Try it:
Pictures aside, copy exactly the lines running from the one with "19.622尚志山关登山" to the end of the records.

Supplied data:
┄┄┄┄┄┄
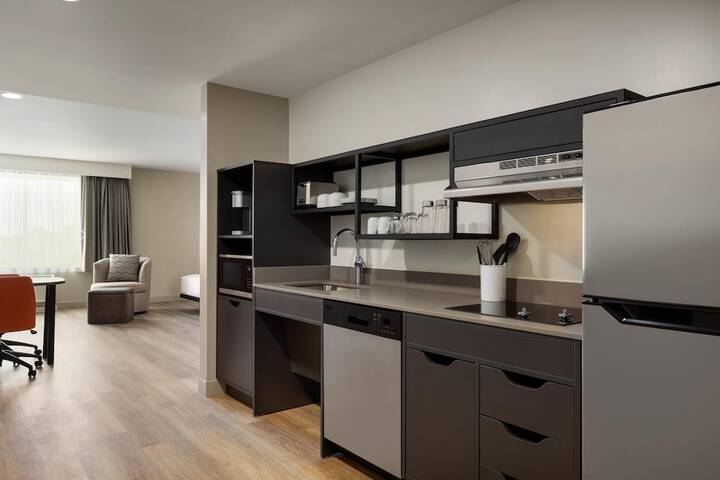 LivSmart Studios by Hilton Kokomo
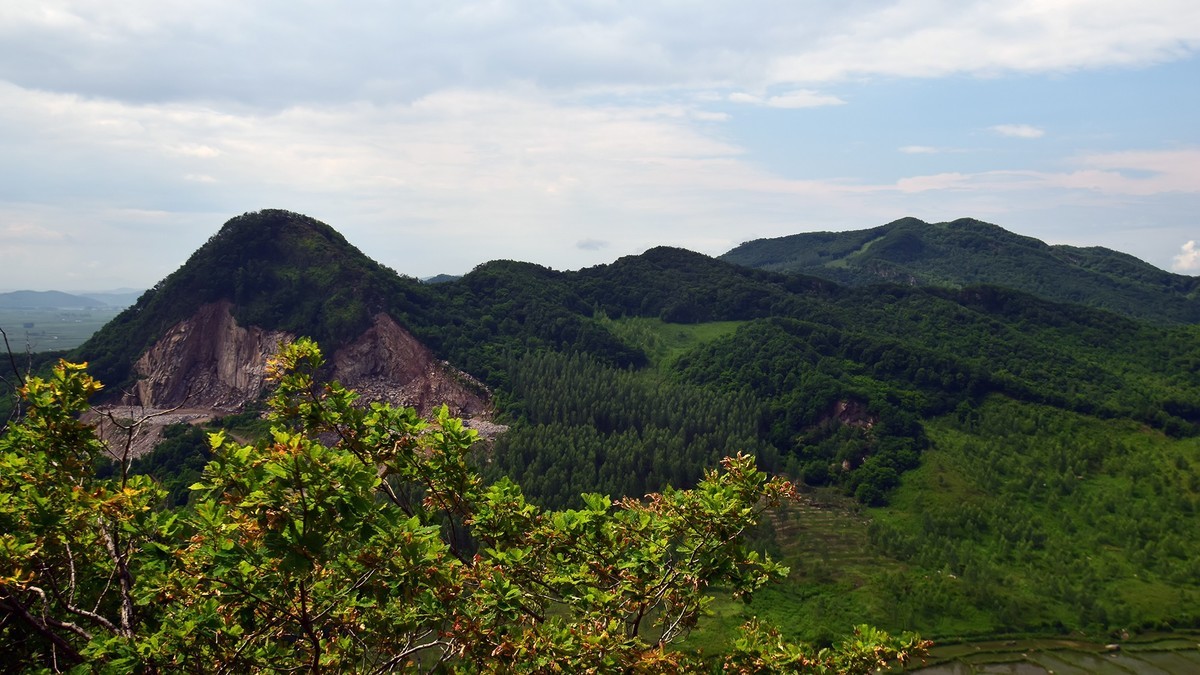 19.622尚志山关登山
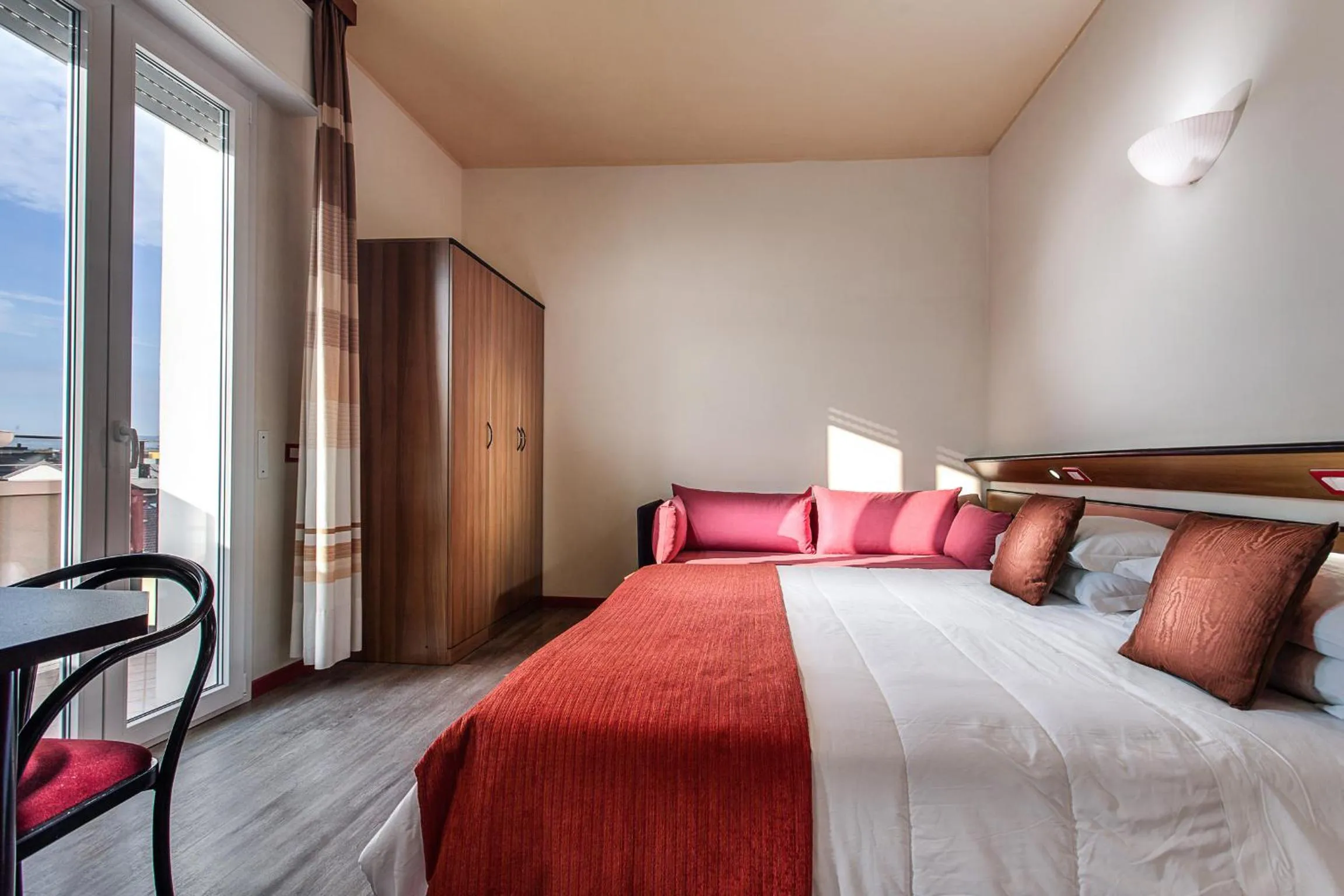 Bedroom, Bed in El Cid Campeador - Family Hotel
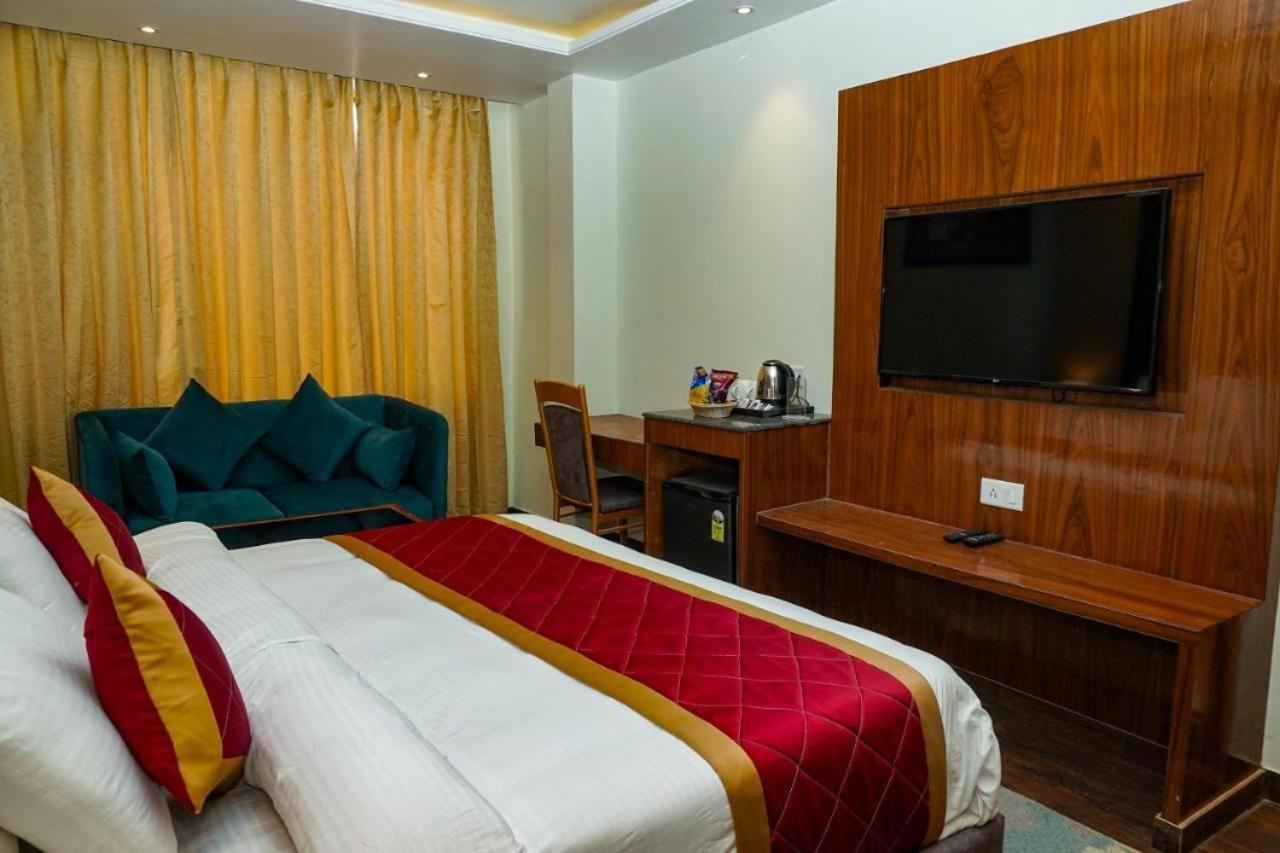 Comfort Inn Snow Park - Manali Экстерьер фото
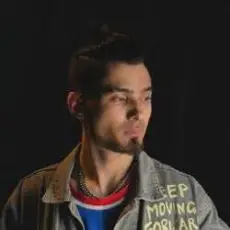 Обложка: DeeNi – Soura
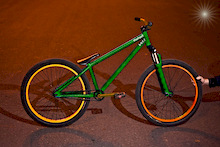 i was bored so i screwed around with it.
not my bike, photoshop-type thing
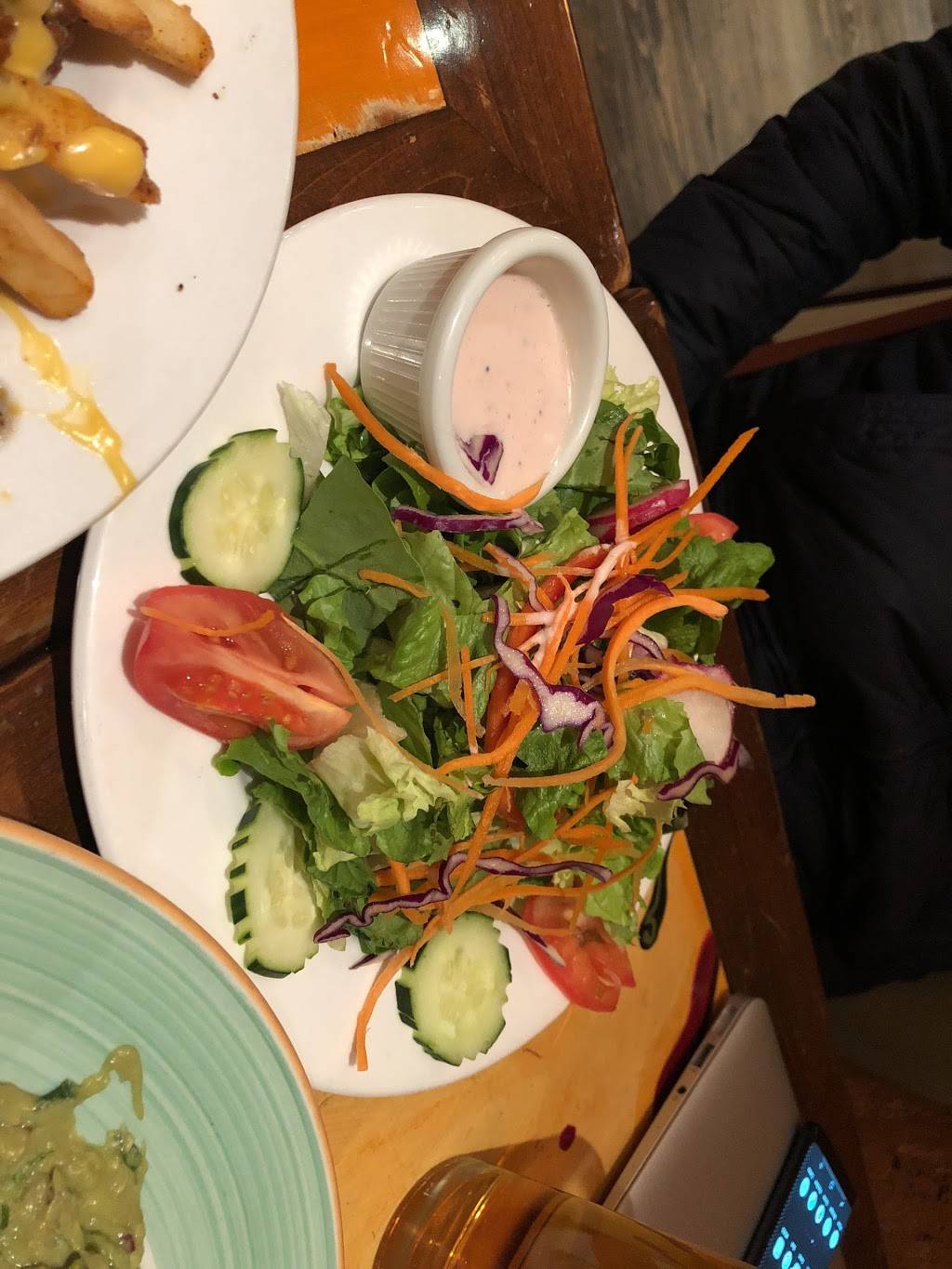 Thunder Grill | restaurant | 50 Massachusetts Ave NE, Washington, DC 20002, USA | 2028980051 OR +1 202-898-0051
┄┄┄┄┄┄
Completed exercise:
 19.622尚志山关登山
 Bedroom, Bed in El Cid Campeador - Family Hotel
 Comfort Inn Snow Park - Manali Экстерьер фото
 Обложка: DeeNi – Soura
 i was bored so i screwed around with it.
not my bike, photoshop-type thing
 Thunder Grill | restaurant | 50 Massachusetts Ave NE, Washington, DC 20002, USA | 2028980051 OR +1 202-898-0051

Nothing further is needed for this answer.